PROBLEM REQUIREMENTS:
Only the text of the entries below should be returned, exactly as given, without pictures.

MATERIAL FOR THIS EXERCISE:

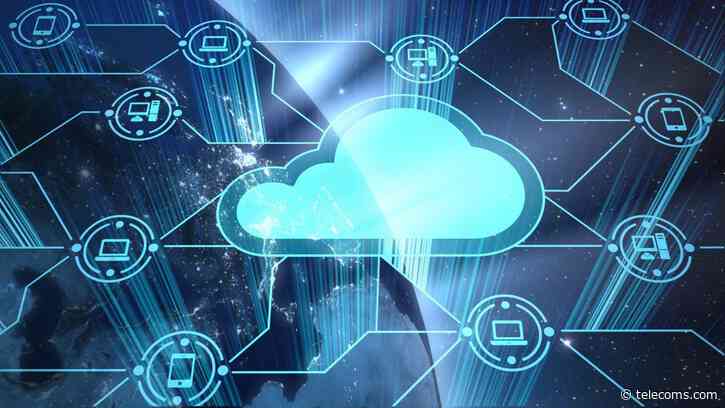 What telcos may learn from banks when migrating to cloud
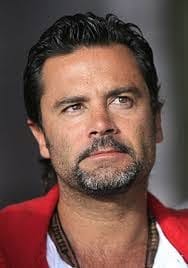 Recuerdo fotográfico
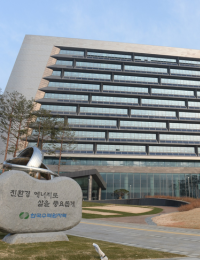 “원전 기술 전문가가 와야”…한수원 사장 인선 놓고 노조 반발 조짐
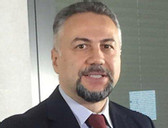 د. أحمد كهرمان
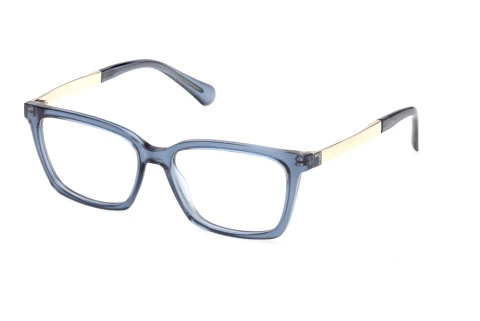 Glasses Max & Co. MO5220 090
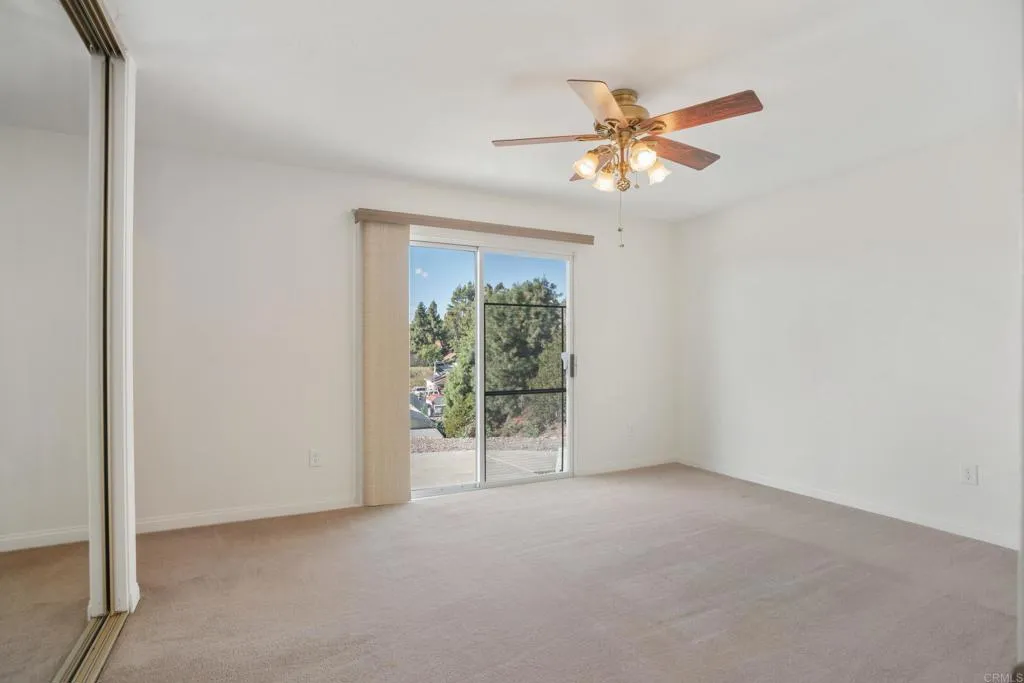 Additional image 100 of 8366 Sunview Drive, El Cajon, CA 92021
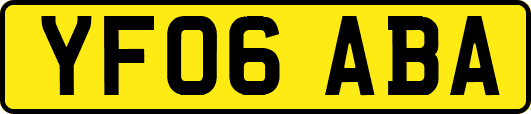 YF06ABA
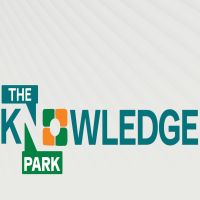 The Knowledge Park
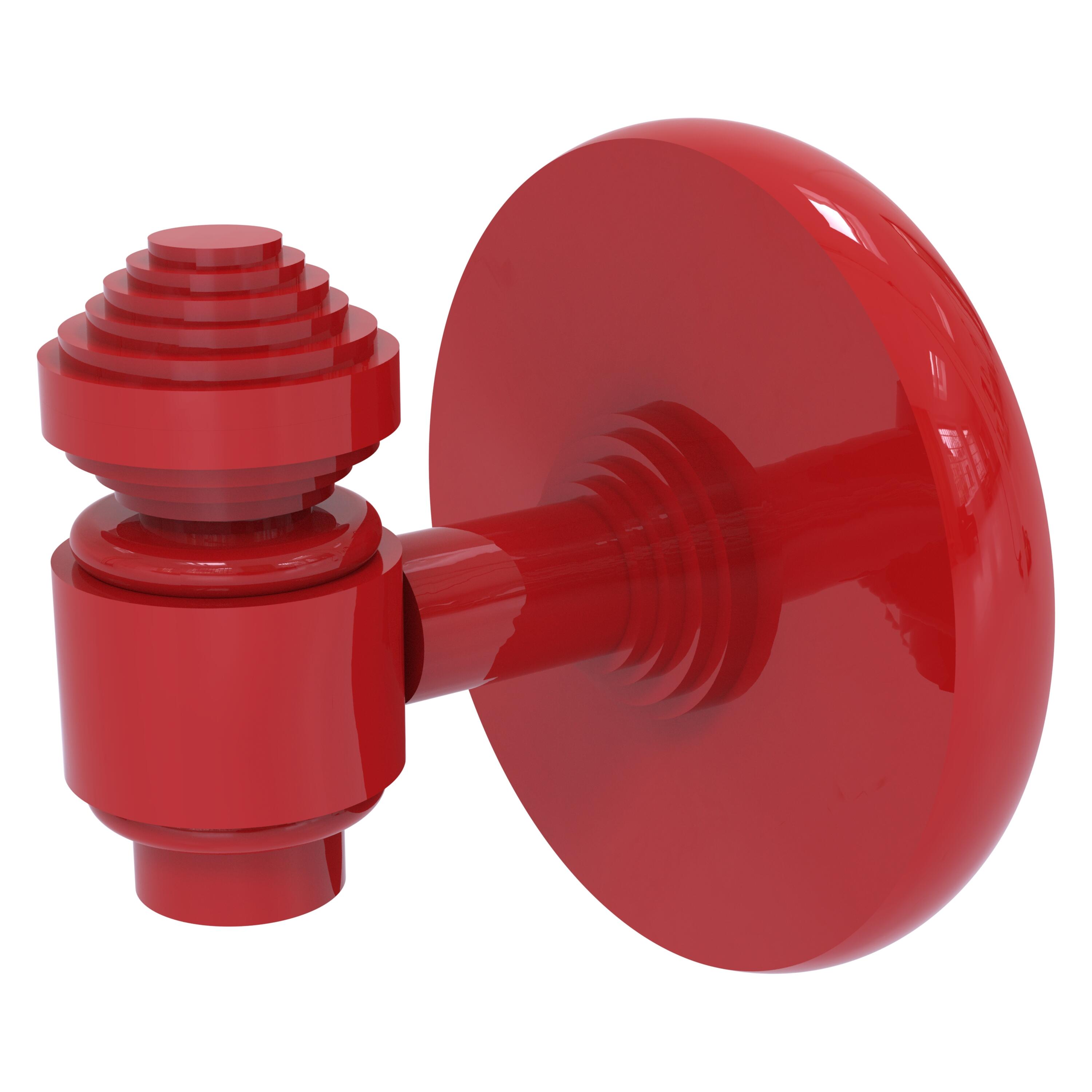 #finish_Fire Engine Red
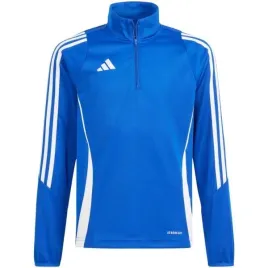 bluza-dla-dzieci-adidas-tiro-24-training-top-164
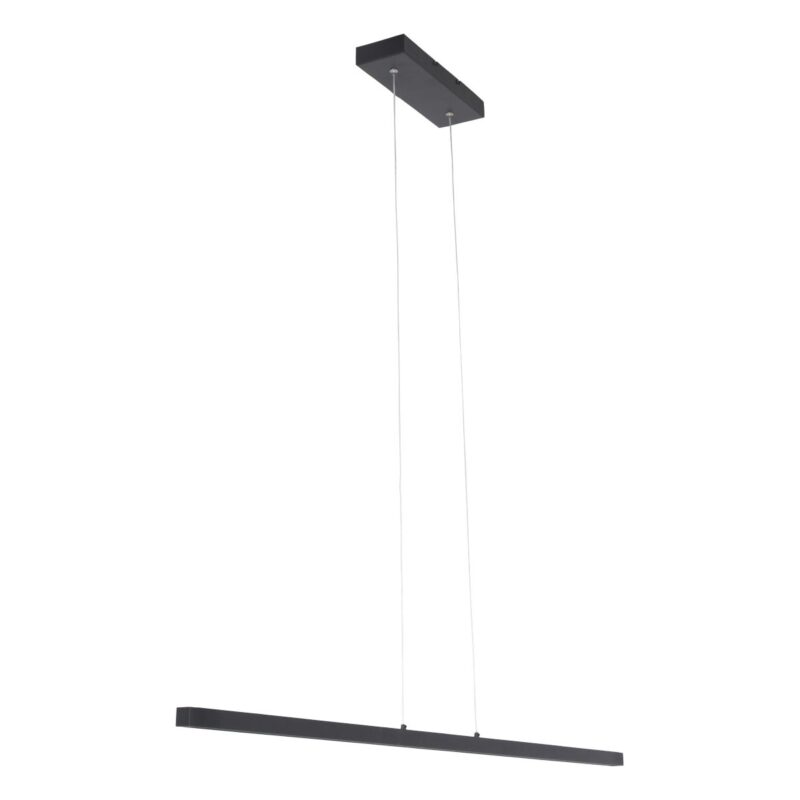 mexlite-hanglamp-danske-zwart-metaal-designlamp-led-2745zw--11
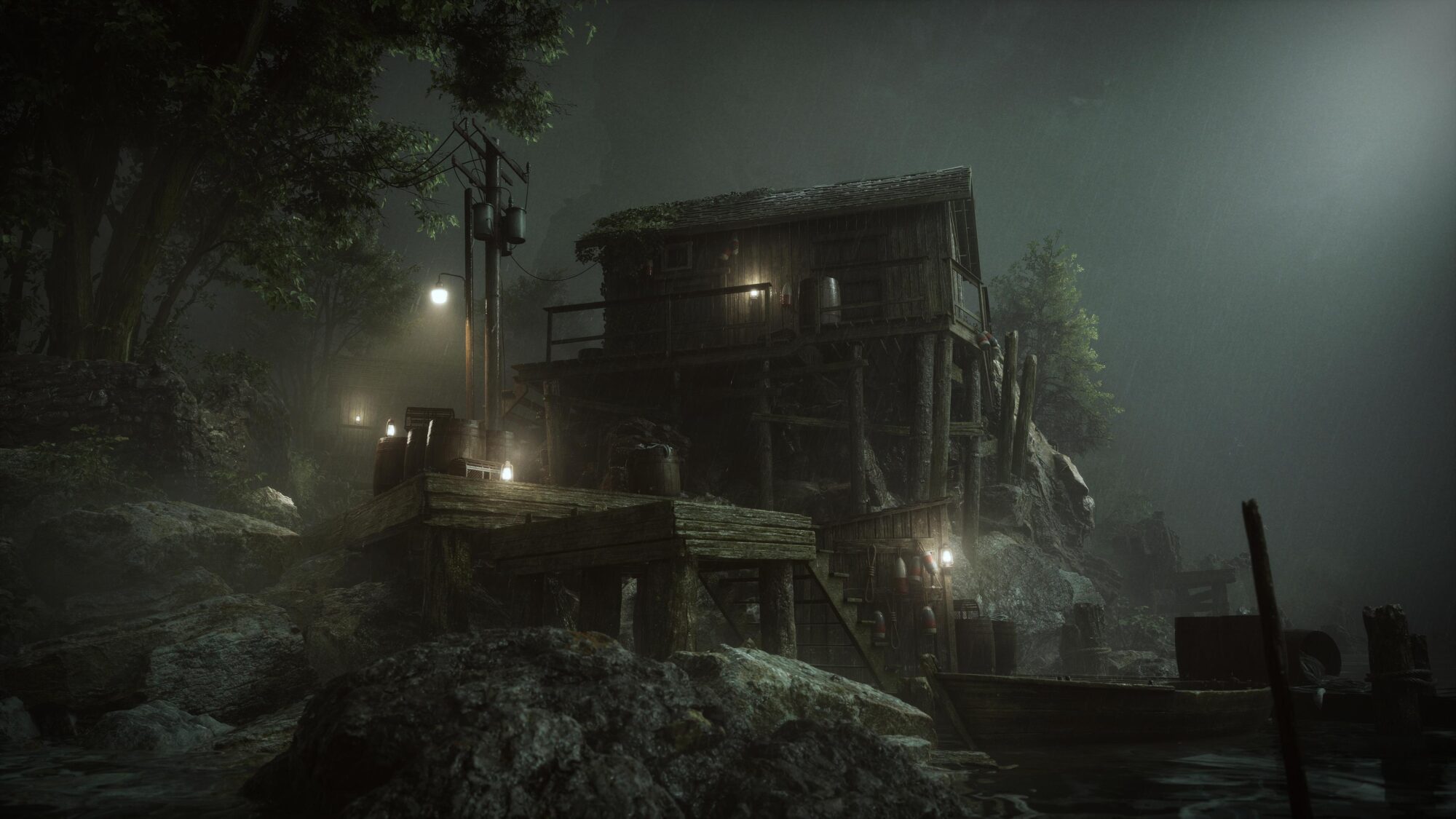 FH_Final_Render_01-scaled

WRITTEN ANSWER:
 What telcos may learn from banks when migrating to cloud
 Recuerdo fotográfico
 “원전 기술 전문가가 와야”…한수원 사장 인선 놓고 노조 반발 조짐
 د. أحمد كهرمان
 Glasses Max & Co. MO5220 090
 Additional image 100 of 8366 Sunview Drive, El Cajon, CA 92021
 YF06ABA
 The Knowledge Park
 #finish_Fire Engine Red
 bluza-dla-dzieci-adidas-tiro-24-training-top-164
 mexlite-hanglamp-danske-zwart-metaal-designlamp-led-2745zw--11
 FH_Final_Render_01-scaled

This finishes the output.